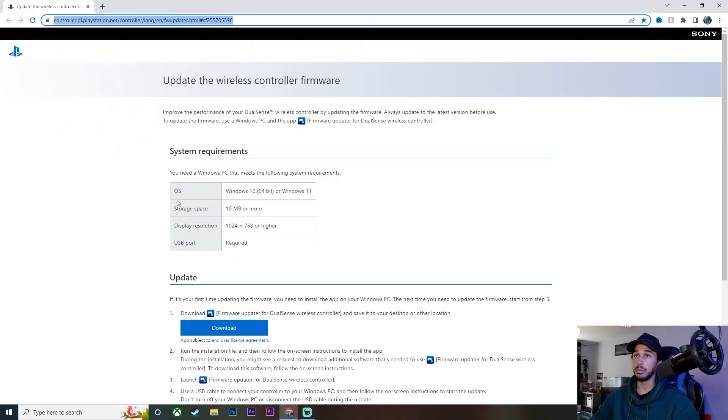Today I'm going to be showing you guys how to update your PS5 controller on your PC, meaning there is no actual PS5 console required for this update. So let's go ahead and jump into the computer and I'll show you guys how it is done.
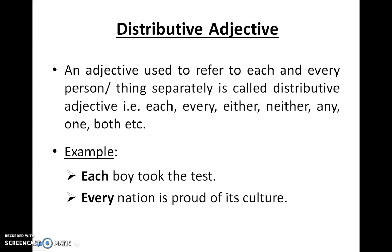Distributive adjective. An adjective used to refer to each and every person or thing separately. Suppose we have to talk about all the children in a class but emphasize them separately — for that reason, we use distributive adjectives. Example: 'Each boy took the test' — it emphasizes each and every boy individually. 'Every nation is proud of its culture' — here 'every nation' denotes all the nations.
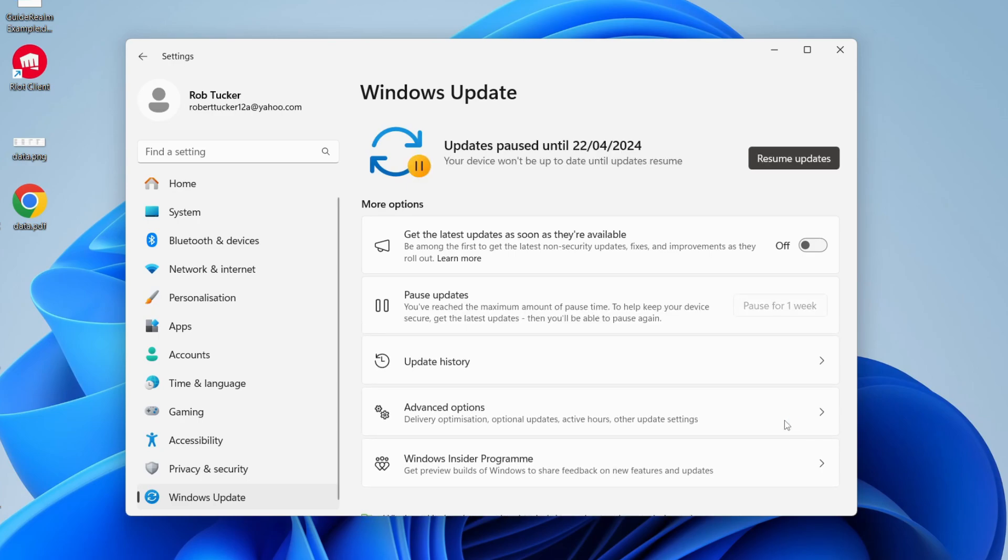For example, here I could click on pause for five weeks. And just like that, as you can see, updates are now paused until the 22nd of April for me. It'd be different for you, it could be a different date.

Instructions for the task: Once the images are set aside, retype all of the material above exactly.

Output for this task:
Today I'm going to be showing you guys how to update your PS5 controller on your PC, meaning there is no actual PS5 console required for this update. So let's go ahead and jump into the computer and I'll show you guys how it is done.
Distributive adjective. An adjective used to refer to each and every person or thing separately. Suppose we have to talk about all the children in a class but emphasize them separately — for that reason, we use distributive adjectives. Example: 'Each boy took the test' — it emphasizes each and every boy individually. 'Every nation is proud of its culture' — here 'every nation' denotes all the nations.
For example, here I could click on pause for five weeks. And just like that, as you can see, updates are now paused until the 22nd of April for me. It'd be different for you, it could be a different date.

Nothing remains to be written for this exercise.